In Malawi, the fact that the measles vaccine came in preset quantities meant that if the number of babies needing vaccination did not match the amount of vaccine in the bottle, the remaining women were sent home without their infant having received either a measles vaccination or IPTi because the health workers were reluctant to waste medicine by opening a new bottle.

In the implementation study sites, particularly in Ghana, there were reports of busy health workers handing the dissolved SP tablets to the mothers and permitting them to administer the drug to their infants. This was also observed in the clinics in Malawi (though when staff were questioned they denied this). This led to some cases of mothers not administering all the drug solution.

Scattered reports also emerged from Malawi and Ghana of health workers providing mothers with the SP tablets and instruction on how to administer the drug at home. This also occurs in the implementation site in southern Tanzania [11]. In Ghana, the health workers apparently allowed more educated mothers to do this, as they were under pressure for resources, particularly the cups used to dissolve the SP tablets.

IPTi-EPI interactions

There is little evidence in any of the study sites that IPTi per se had a negative impact on attitudes to EPI or that it had any effect on EPI adherence. Only 2% (6/805) of mothers said that IPTi had discouraged them from EPI attendance. Of the fathers 6% (10/168) said that IPTi might be a reason for them to discourage EPI clinic attendance. However, this was related to research procedures, in particular blood taking.
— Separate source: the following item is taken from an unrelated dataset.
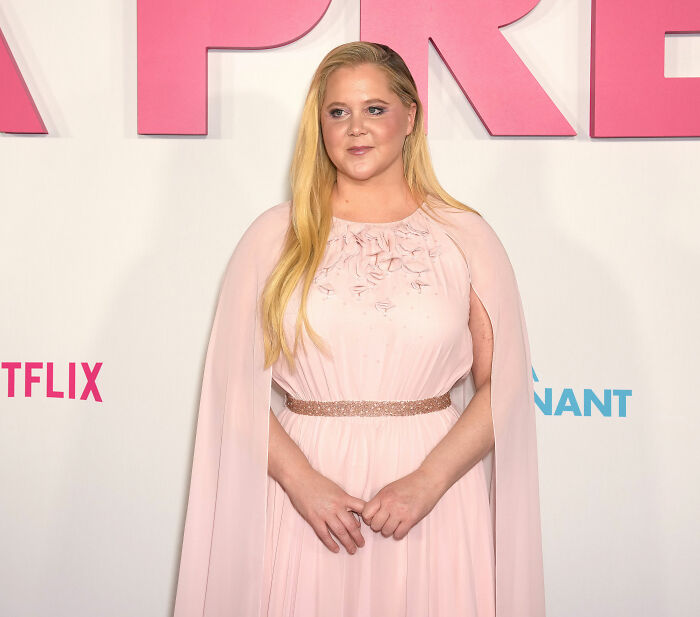 Amy Schumer posing in a pink dress at a Netflix event, showcasing dramatic weight loss and a confident look.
Because EPI was generally valued positively, IPTi benefited from being associated with it.

Mothers generally did not think that having received IPTi meant that their child would no longer get malaria. This was not because they were aware of the limited protection actually offered by IPTi, or the fact that at some of the sites the drugs were being tested in efficacy trials, but rather because they generally viewed all prevention practices, whether traditional or biomedical, as partial.
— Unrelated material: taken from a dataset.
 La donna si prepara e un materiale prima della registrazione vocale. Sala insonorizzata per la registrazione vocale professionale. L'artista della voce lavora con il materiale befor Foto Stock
The disease won't hit him as much as when he would have never taken any medication.

(IDI, mother, Gabon)

This view of prevention resonated with traditional preventive practices for infants that were common across all the sites (see below). These findings are the same as those from Mozambique and southern Tanzania.

However, across the sites a minority of mothers (16% [126/805]) did think that their child would no longer get malaria as a result of having received IPTi. There were differences between the sites in this regard, with 27% (56/206) of mothers in Ghana thinking that their child would be completely protected against malaria, compared to only 3% (5/194) of mothers in Malawi. In Tanzania and Kenya the proportions were 15% (31/208) and 17% (34/197) respectively.

Some mothers (11% [91/805]) reported seeking less treatment for febrile illness in their infants while they were receiving IPTi compared to prior to IPTi. This varies from 2% in Malawi to 17% in Kenya and Tanzania). There is evidence that some of this reduction was due to exaggerated assumptions by mothers about the extent of protection offered by IPTi. However, the reduction is potentially due to less (perceived) illness after IPTi. Two percent (15/805) (all in Ghana) of mothers reported that they would be less likely to seek treatment or would delay seeking treatment because of IPTi.

In Ghana and Malawi a majority of mothers reported no change in bed net use during IPTi: 83% (170/206) and 87% (77/106) respectively. In Kenya and Tanzania mothers reported an increase in bed net use since IPTi: 25% (47/192) and 22% (23/106) respectively of mothers reported using bed nets more than prior to IPTi. This was largely due the fact that the two trials distributed nets to participants. For the 4% (26/612) of participants across these four sites who reported using bed nets less than before IPTi, the main reason was the net being damaged, followed by lack of mosquitoes. Only two participants directly related reduced net use to IPTi. In the Gabon study site there was 80% bed net use, of which 5% were insecticide-treated. However, there are no data on changes in use due to the trial.

Discussion

The studies reported in this paper were part of a broad programme of research aimed at exploring the reception of IPTi in a wide range of settings using different drugs and regimens. In particular, the studies aimed to understand (potential) facilitating factors and barriers to longer-term implementation. While the investigation of an intervention in the context of a clinical trial is not ideal, it is often the only way of collecting acceptability data early enough to be able to make recommendations for improving access and long-term adherence. This project had the advantage of also being able to collect data from two implementation settings. These data, together with the data relating to anti-malarial drugs other than SP and to different regimens, combined with the results from the two earlier studies – one of which was also an implementation study, have generated a broad and generalizable set of data relating to the acceptability of IPTi across a broad range of settings.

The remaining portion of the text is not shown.